There is no statutory threshold for the CO obligation comparable to that for the DPO. However, § 130 OWiG establishes a supervisory duty of management from the first employee. In practice, auditors and lawyers recommend a formalised compliance function from 50 employees.
What distinguishes a Compliance Officer from a lawyer?
A lawyer provides legal advice and is subject to the professional conduct rules of the BRAO. A Compliance Officer implements and operates a CMS, trains employees, reports to management and monitors the effectiveness of measures. This operational function goes beyond legal advice but does not constitute legal advice within the meaning of the RDG.
Does a German Compliance Management System also apply to subsidiaries in Austria and Switzerland?
Partly, but not fully. A German CMS in accordance with IDW PS 980 covers the German requirements. For Austrian and Swiss subsidiaries, national law (GmbHG, UGB, OR, VStrR) and local regulatory requirements must be taken into account. An experienced DACH CO coordinates these differences.

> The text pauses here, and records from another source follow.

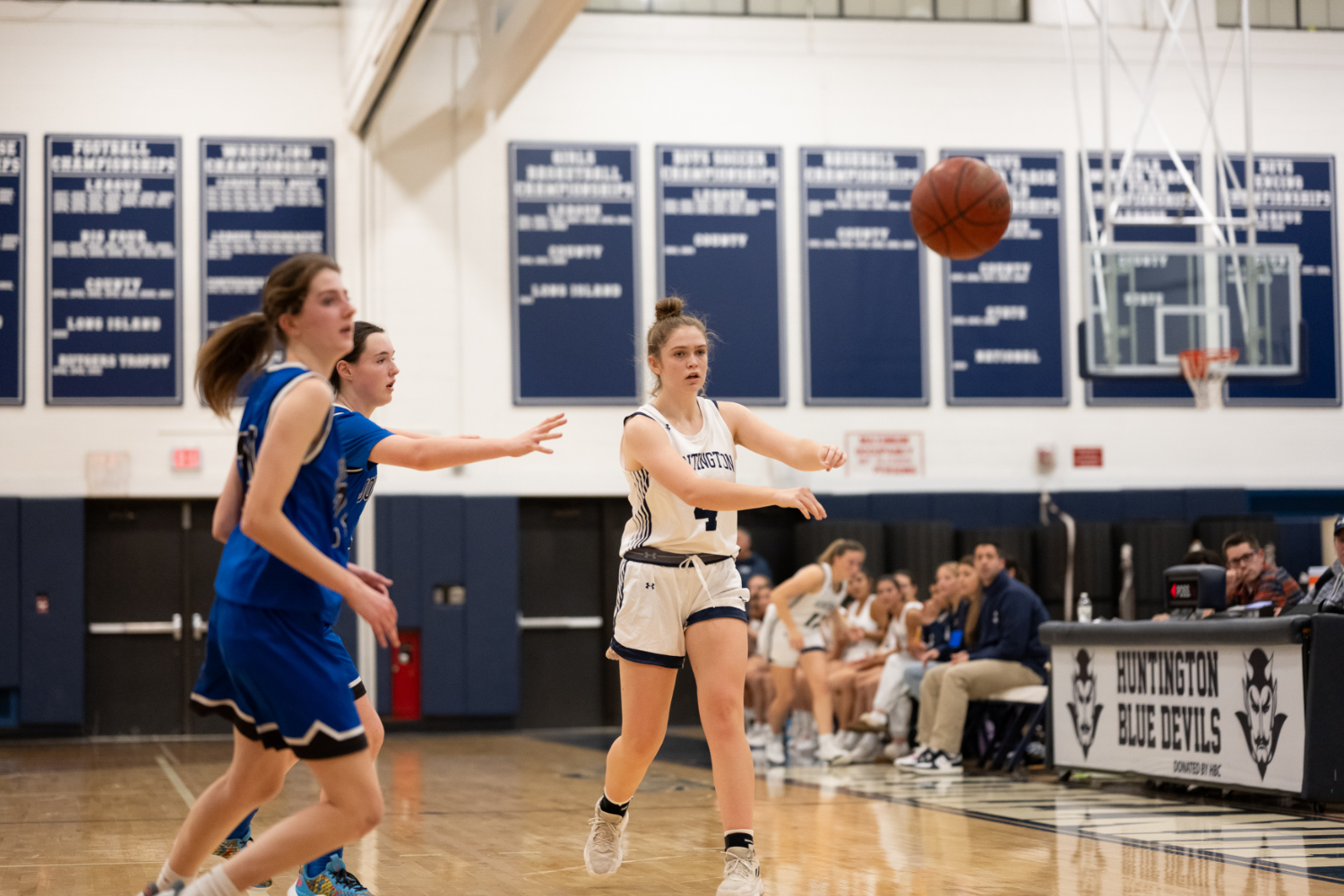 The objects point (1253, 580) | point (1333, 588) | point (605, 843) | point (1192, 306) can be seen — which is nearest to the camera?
point (605, 843)

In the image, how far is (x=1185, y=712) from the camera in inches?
271

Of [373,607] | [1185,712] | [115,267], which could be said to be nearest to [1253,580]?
[1185,712]

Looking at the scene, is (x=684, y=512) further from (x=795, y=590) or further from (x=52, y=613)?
(x=52, y=613)

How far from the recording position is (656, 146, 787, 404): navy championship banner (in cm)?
1354

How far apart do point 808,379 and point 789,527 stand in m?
1.48

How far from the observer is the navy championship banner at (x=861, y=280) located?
13688 millimetres

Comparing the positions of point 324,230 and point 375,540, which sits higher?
point 324,230

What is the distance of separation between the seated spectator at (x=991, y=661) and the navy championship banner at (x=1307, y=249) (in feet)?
21.7

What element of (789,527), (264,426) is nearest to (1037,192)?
(789,527)

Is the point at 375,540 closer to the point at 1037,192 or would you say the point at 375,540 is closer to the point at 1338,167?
the point at 1037,192

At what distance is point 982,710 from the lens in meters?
8.91

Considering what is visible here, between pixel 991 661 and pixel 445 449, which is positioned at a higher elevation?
pixel 445 449

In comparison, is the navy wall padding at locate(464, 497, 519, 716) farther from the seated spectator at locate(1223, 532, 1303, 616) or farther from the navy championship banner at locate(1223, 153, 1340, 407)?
the navy championship banner at locate(1223, 153, 1340, 407)

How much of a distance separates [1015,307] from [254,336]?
38.3ft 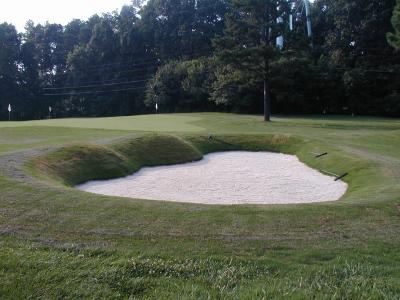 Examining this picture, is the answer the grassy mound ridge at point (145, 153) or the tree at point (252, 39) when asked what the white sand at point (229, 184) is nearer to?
the grassy mound ridge at point (145, 153)

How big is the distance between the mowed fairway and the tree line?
31068mm

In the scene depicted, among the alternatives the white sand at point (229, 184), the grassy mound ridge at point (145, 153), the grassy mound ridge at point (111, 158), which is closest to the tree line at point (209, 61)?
the grassy mound ridge at point (145, 153)

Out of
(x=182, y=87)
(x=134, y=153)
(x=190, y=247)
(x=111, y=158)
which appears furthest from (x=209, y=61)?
(x=190, y=247)

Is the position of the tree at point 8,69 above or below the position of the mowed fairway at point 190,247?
above

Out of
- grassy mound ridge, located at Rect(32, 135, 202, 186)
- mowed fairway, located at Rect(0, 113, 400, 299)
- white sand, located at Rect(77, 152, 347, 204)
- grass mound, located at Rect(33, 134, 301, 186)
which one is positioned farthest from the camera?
grass mound, located at Rect(33, 134, 301, 186)

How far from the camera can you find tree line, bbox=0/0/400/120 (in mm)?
41719

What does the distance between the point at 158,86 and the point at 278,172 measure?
49.2 m

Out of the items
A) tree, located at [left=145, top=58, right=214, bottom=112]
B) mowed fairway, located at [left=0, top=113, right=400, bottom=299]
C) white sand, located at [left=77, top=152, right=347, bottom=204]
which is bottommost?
white sand, located at [left=77, top=152, right=347, bottom=204]

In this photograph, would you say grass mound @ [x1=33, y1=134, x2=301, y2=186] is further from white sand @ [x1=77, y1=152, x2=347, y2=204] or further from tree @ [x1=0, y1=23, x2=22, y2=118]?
tree @ [x1=0, y1=23, x2=22, y2=118]

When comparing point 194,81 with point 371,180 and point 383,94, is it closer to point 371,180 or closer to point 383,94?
point 383,94

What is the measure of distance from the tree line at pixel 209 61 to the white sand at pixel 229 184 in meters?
20.7

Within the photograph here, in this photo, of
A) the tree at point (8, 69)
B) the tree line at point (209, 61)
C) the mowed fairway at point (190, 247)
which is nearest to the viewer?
the mowed fairway at point (190, 247)

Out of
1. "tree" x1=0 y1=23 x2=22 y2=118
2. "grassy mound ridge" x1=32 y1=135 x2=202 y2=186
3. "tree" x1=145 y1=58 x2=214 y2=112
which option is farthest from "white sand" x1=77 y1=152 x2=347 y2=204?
"tree" x1=0 y1=23 x2=22 y2=118

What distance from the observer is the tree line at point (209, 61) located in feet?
137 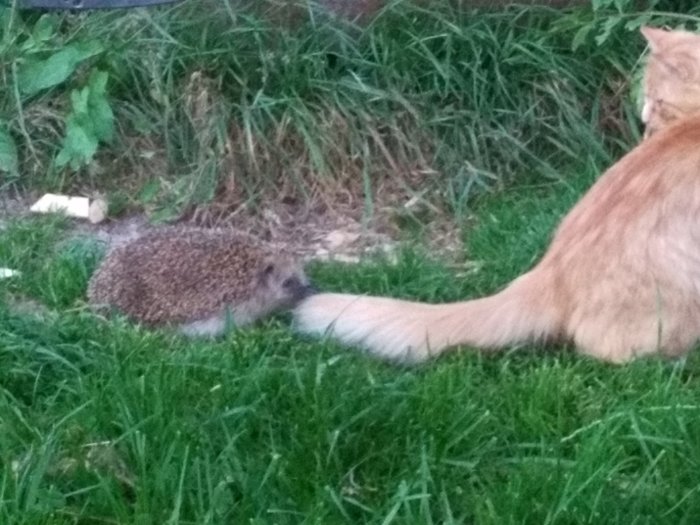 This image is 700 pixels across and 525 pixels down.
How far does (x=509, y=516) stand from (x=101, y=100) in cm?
298

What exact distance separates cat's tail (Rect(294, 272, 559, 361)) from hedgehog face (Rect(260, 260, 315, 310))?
0.30 metres

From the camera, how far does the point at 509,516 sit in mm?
2625

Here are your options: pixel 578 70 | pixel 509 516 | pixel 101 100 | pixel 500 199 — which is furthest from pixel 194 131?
pixel 509 516

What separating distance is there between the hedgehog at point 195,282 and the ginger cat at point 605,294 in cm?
23

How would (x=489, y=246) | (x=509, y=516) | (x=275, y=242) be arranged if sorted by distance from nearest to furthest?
(x=509, y=516) < (x=489, y=246) < (x=275, y=242)

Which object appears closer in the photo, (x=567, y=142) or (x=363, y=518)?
(x=363, y=518)

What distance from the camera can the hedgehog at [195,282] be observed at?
12.8 feet

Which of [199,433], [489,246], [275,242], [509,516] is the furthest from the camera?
[275,242]

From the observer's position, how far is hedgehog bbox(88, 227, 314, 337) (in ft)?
12.8

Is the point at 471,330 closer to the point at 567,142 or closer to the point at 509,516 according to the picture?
the point at 509,516

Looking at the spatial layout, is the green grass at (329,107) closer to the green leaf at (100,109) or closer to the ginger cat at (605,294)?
the green leaf at (100,109)

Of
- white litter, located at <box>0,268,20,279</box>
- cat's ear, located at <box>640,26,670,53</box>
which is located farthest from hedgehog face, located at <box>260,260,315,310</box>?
cat's ear, located at <box>640,26,670,53</box>

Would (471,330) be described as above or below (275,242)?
above

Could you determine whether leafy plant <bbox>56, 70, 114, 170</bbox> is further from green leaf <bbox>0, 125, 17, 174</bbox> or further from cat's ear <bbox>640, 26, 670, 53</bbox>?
cat's ear <bbox>640, 26, 670, 53</bbox>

Can an external CO also act as the Internal Reporting Office Officer under the Whistleblower Protection Act (HinSchG)?
Yes, provided no conflict of interest arises. § 14 of the Whistleblower Protection Act (HinSchG) permits the appointment of external bodies as the Internal Reporting Office. A CO who also operates the Internal Reporting Office creates a coherent compliance function. Confidentiality towards whistleblowers must be contractually guaranteed.
How frequently must the Compliance Officer report to management?
Under IDW PS 980, at least annually; under good practice, bi-annually. Quarterly brief reports on material compliance risks or ongoing cases are standard. The frequency should be fixed in the mandate contract.
What is the difference between a Compliance Officer and a compliance consultant?
A Compliance Officer assumes a formal function within the company — with reporting lines, authority over compliance matters and ongoing operational responsibility. A compliance consultant produces opinions and recommendations but bears no ongoing operational responsibility. In a liability context, this distinction is highly material.